Adopted in 1967, Amendment 25 establishes the provisions for a transfer of power of a president of the United States who dies, resigns, is removed from office or for other reasons is unable to fulfill his duties.
He has been invoked on several occasions, notably by Richard Nixon when he resigned in 1974 and for presidents who underwent a surgical procedure to have power temporarily transferred to the vice president.
In October last year, there was talk that Trump would possibly invoke the amendment when he fell ill with Covid-19, but did not take any action in the end.
Now, Senate Minority Leader Chuck Schumer and House Speaker Nancy Pelosi are leading calls for Vice President Mike Pence to invoke the amendment in the final days of Trump’s term, which ends in May. January 20.
Schumer, Pelosi and others inside and outside the government are speaking after shocking scenes Wednesday in which an angry mob incited by Trump invaded security at the United States Capitol, rampaging for hours and disrupting a proceeding in which the Congress finally certified that Joe Biden beat Trump. in the elections of November 3 and will be the next president of the United States.
American lawmakers began to address the issue of the CEO’s transfer of power in the late 1950s amid the ill health of President Dwight D. Eisenhower.
It became more urgent after the 1963 assassination of President John F. Kennedy, and the 25th Amendment was passed by Congress in 1965 and ratified by the required three-quarters of the 50 US states two years later.
Section 3 of Amendment 25 addresses the transfer of presidential powers to the vice president when the executive director declares that he or she cannot fulfill the powers and duties of the office.
Section 4 addresses a situation where the vice president and the cabinet majority determine that the president can no longer serve.

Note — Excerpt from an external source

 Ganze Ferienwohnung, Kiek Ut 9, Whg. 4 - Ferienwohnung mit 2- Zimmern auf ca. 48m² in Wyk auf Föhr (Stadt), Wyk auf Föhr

This section has never been invoked.
Summoned three times
Section 3 has been invoked three times.
The first was in July 1985 when President Ronald Reagan underwent surgery under general anesthesia to remove a cancerous polyp from his large intestine.

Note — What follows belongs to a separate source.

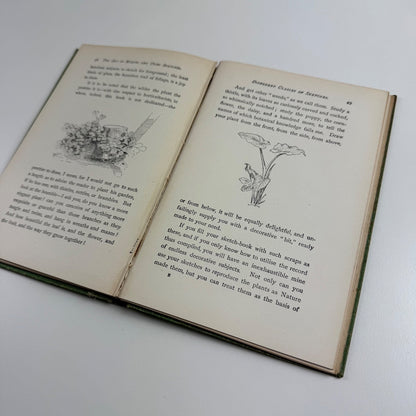 The Art of Making and Using Sketches by G. Fraipont. Cassell & Co, 1922 reprint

Vice President George HW Bush was named interim president for about eight hours while Reagan was in surgery.
President George W. Bush temporarily transferred power to Vice President Dick Cheney in June 2002 and July 2007 while he underwent routine colonoscopies under anesthesia.
Following Reagan’s serious injuries in an assassination attempt in 1981, a letter invoking Section 3 was drawn up, but never sent.
Under Section 3, the President informs the President pro tempore, or presiding officer, of the Senate, currently Republican Chuck Grassley, and the Speaker of the House of Representatives, currently Pelosi, in writing that he is unable to discharge his duties. of the office and is temporarily transferring power to the vice president.
Under Section 4, the vice president and a majority of the cabinet members report to the Senate and House leaders that the president is unable to perform his duties and the vice president becomes interim president.
If a president challenges a determination that he or she cannot perform his or her duties, it is up to Congress to make the decision.
It would take a two-thirds majority in both the House and the Senate to declare the president unfit to remain in office.
Former Deputy FBI Director Andrew McCabe has claimed that former Deputy Attorney General Rod Rosenstein raised the possibility of invoking Section 4 against Trump after he abruptly fired FBI Director James Comey in May 2017.